§ Brief
Stop at the line that contains "Two cups of". Until then, set down each line of the records exactly, beginning with the first, and skip pictures.

(Saved data entries)
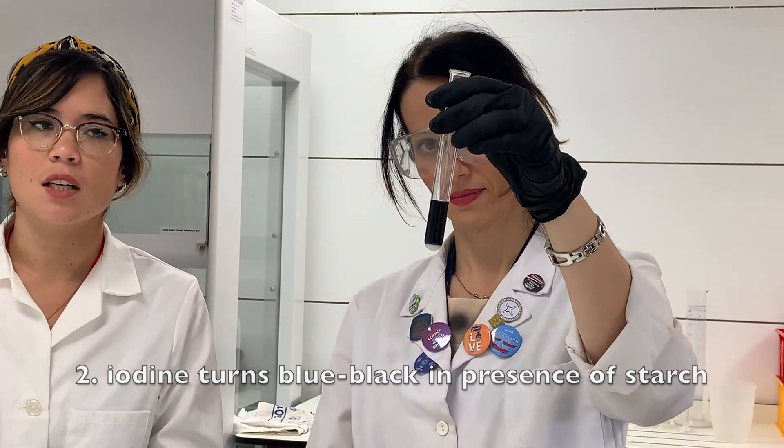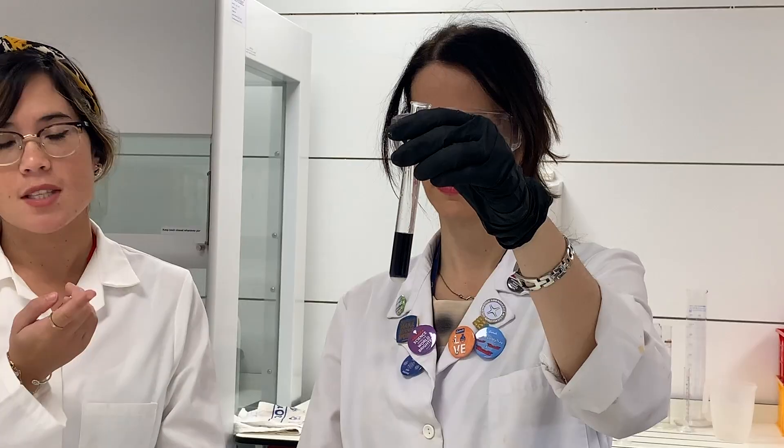Remember, things like potatoes have plenty of starch, so if you were to place a few drops of iodine onto a potato, you'd see the same blue-black color. To summarize: to test for starch, add iodine solution. A blue-black color indicates a positive test for starch. If it had remained brown, then we would say that no starch was present.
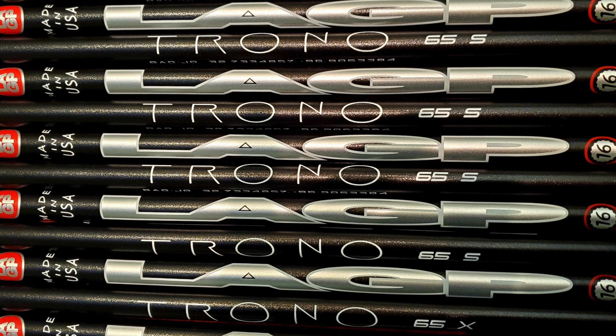Do you have an idea right now where you're going to be in the weight and flex range for your options? For the Bryson product — the working name going to market right now is going to be Trono, which is a Latin word for 'thrown' — because it's a very stiff, very stable product specifically made for the high ball speed player, that's going to be limited at least at first to 65 grams SX and TX, and then 75 grams in SX and TX. We don't feel at this time that it would make a lot of sense to have that profile in an R flex.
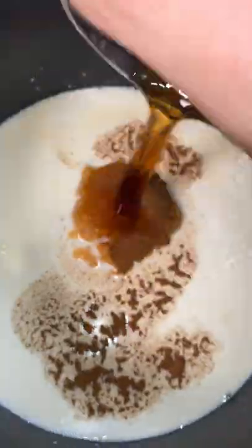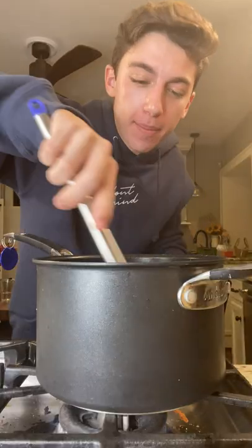Two cups of milk, two tablespoons of sugar, a quarter cup pumpkin puree, half teaspoon of pumpkin spice, teaspoon of vanilla, half a cup coffee. Medium flame and stir to fully combine and bring to a gentle simmer.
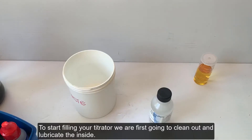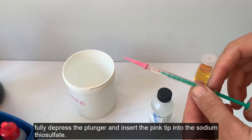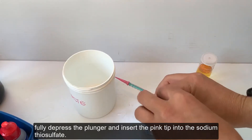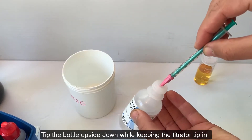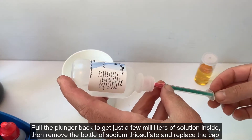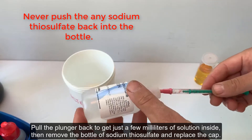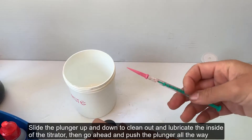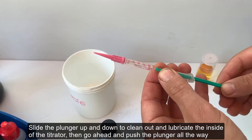To start filling your titrator, we are first going to clean out and lubricate the inside. Fully depress the plunger and insert the pink tip into the sodium thiosulfate. Tip the bottle upside down while keeping the titrator tip in. Pull the plunger back to get just a few milliliters of solution inside, then remove the bottle of sodium thiosulfate and replace the cap. Slide the plunger up and down to clean out and lubricate the inside of the titrator.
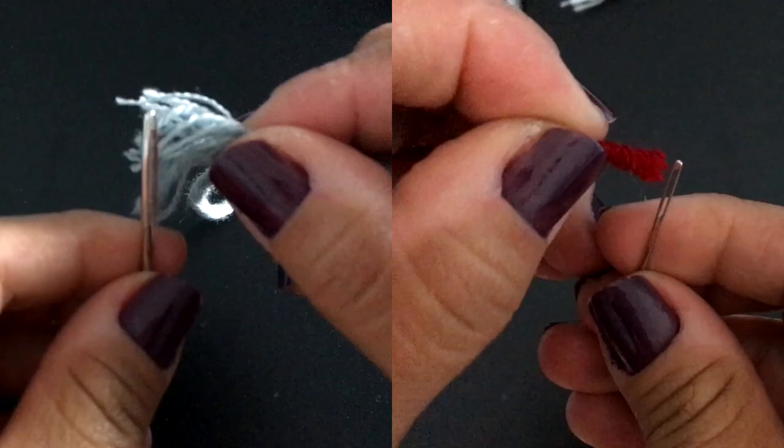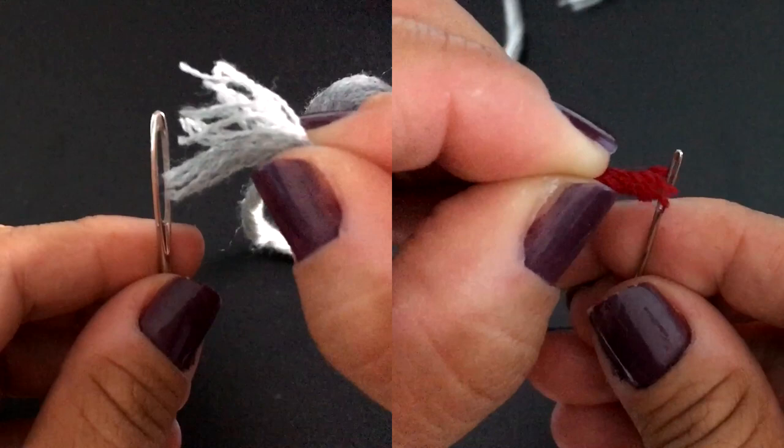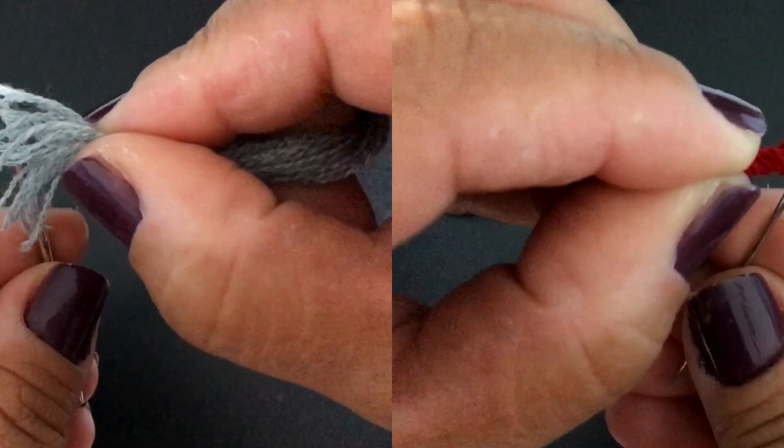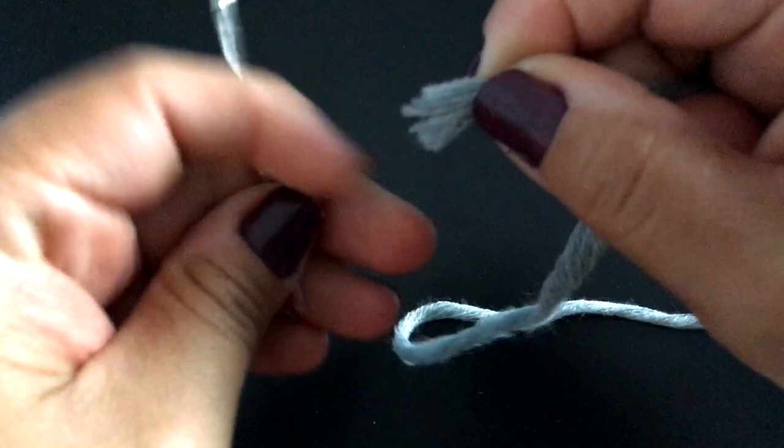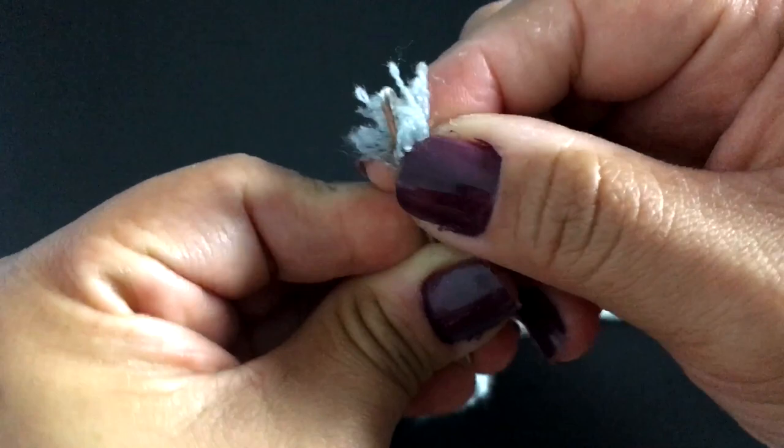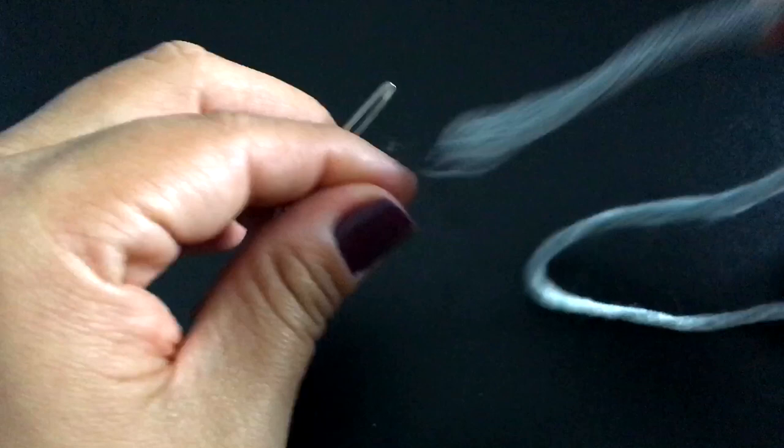Hello, my crochet friends, it's Jovi here. In this video, I'm going to show you how to thread the yarn needle in seconds. This is going to be a very simple trick, but very useful for you. This type of yarn is formed by many threads, and if we want to thread this yarn needle with this yarn, it's going to be difficult to manage to put all the threads together. So there is a very nice and simple trick to do that.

§ Written answer
Remember, things like potatoes have plenty of starch, so if you were to place a few drops of iodine onto a potato, you'd see the same blue-black color. To summarize: to test for starch, add iodine solution. A blue-black color indicates a positive test for starch. If it had remained brown, then we would say that no starch was present.
Do you have an idea right now where you're going to be in the weight and flex range for your options? For the Bryson product — the working name going to market right now is going to be Trono, which is a Latin word for 'thrown' — because it's a very stiff, very stable product specifically made for the high ball speed player, that's going to be limited at least at first to 65 grams SX and TX, and then 75 grams in SX and TX. We don't feel at this time that it would make a lot of sense to have that profile in an R flex.
Two cups of milk, two tablespoons of sugar, a quarter cup pumpkin puree, half teaspoon of pumpkin spice, teaspoon of vanilla, half a cup coffee. Medium flame and stir to fully combine and bring to a gentle simmer.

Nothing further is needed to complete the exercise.